Diana insiste, testaruda y fiel a sus sueños y a su memoria; explorando el trauma, pero también la alegría de luchar, explorando el dolor, pero también apostando a “un teatro que está más cerca del abrazo que de la patada, porque la vida está muy pateadora”. Un teatro que busca desanclar a los cuentos de hadas del espacio de la supuesta ingenuidad femenina en el que fueron recluidos, que busca recuperar una sensibilidad que ha sido excluida del mundo de la política, ese mundo donde la mujer puede habitar si se comporta como un hombre, un mundo donde los hombres pueden habitar si se comportan como jugadores de una política racional y siempre realista. Pero la realidad sofoca y se parece demasiado al capitalismo y su aceptación, porque “es lo que hay”.

Los textos dramáticos que componen Allá dan voz al silencio de una generación que fue obligada a callar, a dejar atrás sus sueños, a acomodar sus relatos para ver distorsionarse, en el proceso, sus anhelos y sus secretos. Pero también son fundamentales para que las generaciones que “no lo vivimos” entendamos lo que pasó. Pero no como se entienden una clase de historia o una línea de tiempo: la comprensión a la que invitan estas historias es emocional e ideológica; es una invitación a entrar en un mundo donde las teorías conspiratorias, las narrativas heroicas y los miedos son traducidos a vidas y afectos de “gente sencilla, que cree en cuentos de hadas”.
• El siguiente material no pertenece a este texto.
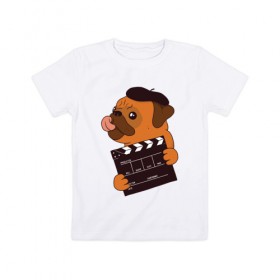 Детская футболка хлопок с принтом Режиссёр Мопс в Екатеринбурге, 100% хлопок | круглый вырез горловины, полуприлегающий силуэт, длина до линии бедер | дубль | кино | мопс | режиссер | собака | собаки | фильмы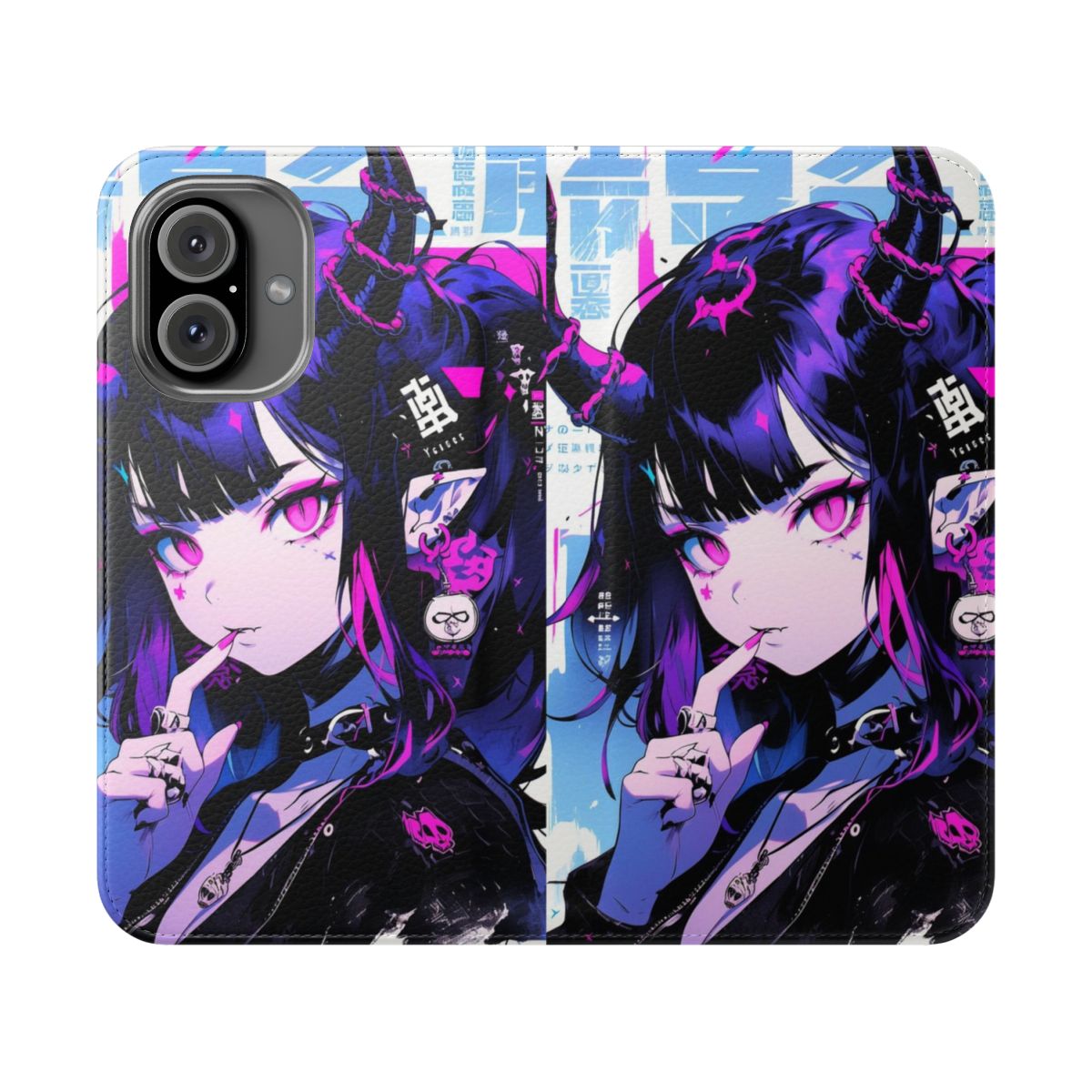 Stylish flip phone case featuring a cute anime-style demon girl character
“Sin embargo parece que hay algo para decir. No en contra de nadie. Tampoco para nadie en especial. Aquí no se reivindica nada. Solo se está. Es interesante. Me siento mejor de saber que lo que me pasó no es tan terrible porque les pasa a muchas”. (Secretos)

Saber que lo que pasó les pasó a muchos, pensar en lo que perdimos cuando ganamos y en lo que ganamos cuando perdimos, asumir las heridas abiertas y recorrer las cicatrices sin por eso dejar de estar vivos, de avivar los sueños, porque no soñar es la muerte. Durante la presentación del libro, Diana contó que la protagonista real de Cuentos de hadas murió hace poco y que tenía Alzheimer. “A veces me pregunto –dijo– si no es una gran metáfora de la izquierda. Y puede ser. No es fácil creer en los sueños; no todas las subjetividades lo resisten sin romperse. Aun cuando tengan vidas comunes y bajo perfil, no es para gente sencilla esto de creer en los sueños. Y se necesita mucho acá”.

Allá. Cuatro obras de teatro, de Raquel Diana, con prólogo de Gustavo Remedi. Estuario, 2017. 160 páginas.